**EXERCISE DETAILS**
Only the pictures are to be omitted; every entry beneath should otherwise be duplicated exactly.

Captioned web image data:
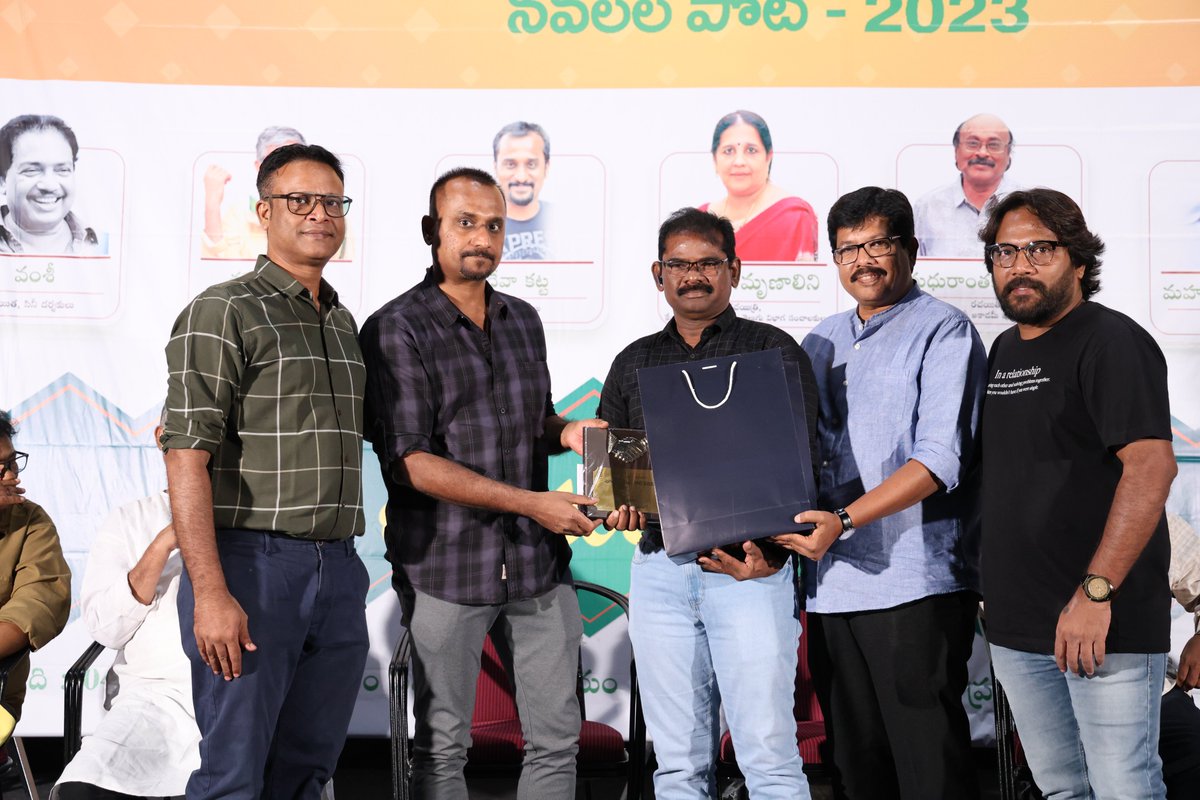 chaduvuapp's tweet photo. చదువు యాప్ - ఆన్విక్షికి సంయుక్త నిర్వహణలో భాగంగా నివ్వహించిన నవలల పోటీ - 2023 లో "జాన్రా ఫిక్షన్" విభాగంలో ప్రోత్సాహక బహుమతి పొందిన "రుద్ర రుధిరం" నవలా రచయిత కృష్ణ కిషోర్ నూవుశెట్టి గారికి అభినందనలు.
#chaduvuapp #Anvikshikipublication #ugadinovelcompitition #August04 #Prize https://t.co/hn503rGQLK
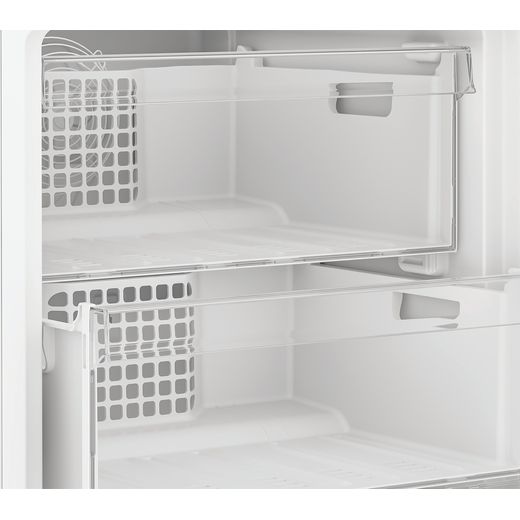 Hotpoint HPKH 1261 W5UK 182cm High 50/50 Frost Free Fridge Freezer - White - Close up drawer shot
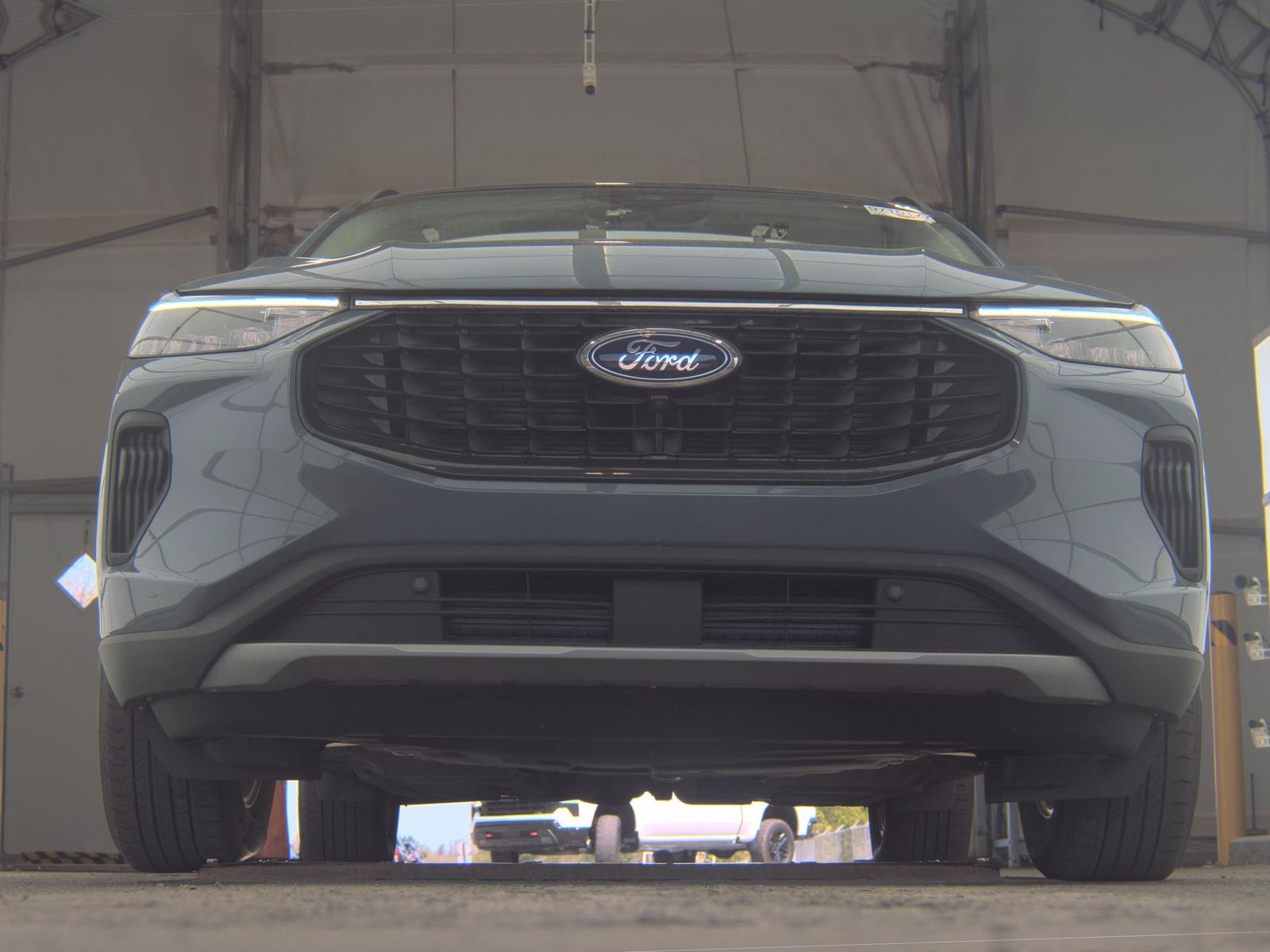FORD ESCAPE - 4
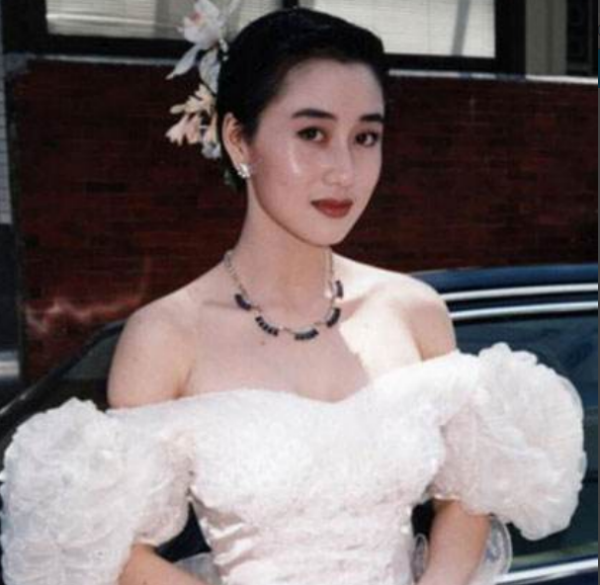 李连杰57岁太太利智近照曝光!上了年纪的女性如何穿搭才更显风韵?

**SOLUTION TO THIS PROBLEM**
 chaduvuapp's tweet photo. చదువు యాప్ - ఆన్విక్షికి సంయుక్త నిర్వహణలో భాగంగా నివ్వహించిన నవలల పోటీ - 2023 లో "జాన్రా ఫిక్షన్" విభాగంలో ప్రోత్సాహక బహుమతి పొందిన "రుద్ర రుధిరం" నవలా రచయిత కృష్ణ కిషోర్ నూవుశెట్టి గారికి అభినందనలు.
#chaduvuapp #Anvikshikipublication #ugadinovelcompitition #August04 #Prize https://t.co/hn503rGQLK
 Hotpoint HPKH 1261 W5UK 182cm High 50/50 Frost Free Fridge Freezer - White - Close up drawer shot
FORD ESCAPE - 4
 李连杰57岁太太利智近照曝光!上了年纪的女性如何穿搭才更显风韵?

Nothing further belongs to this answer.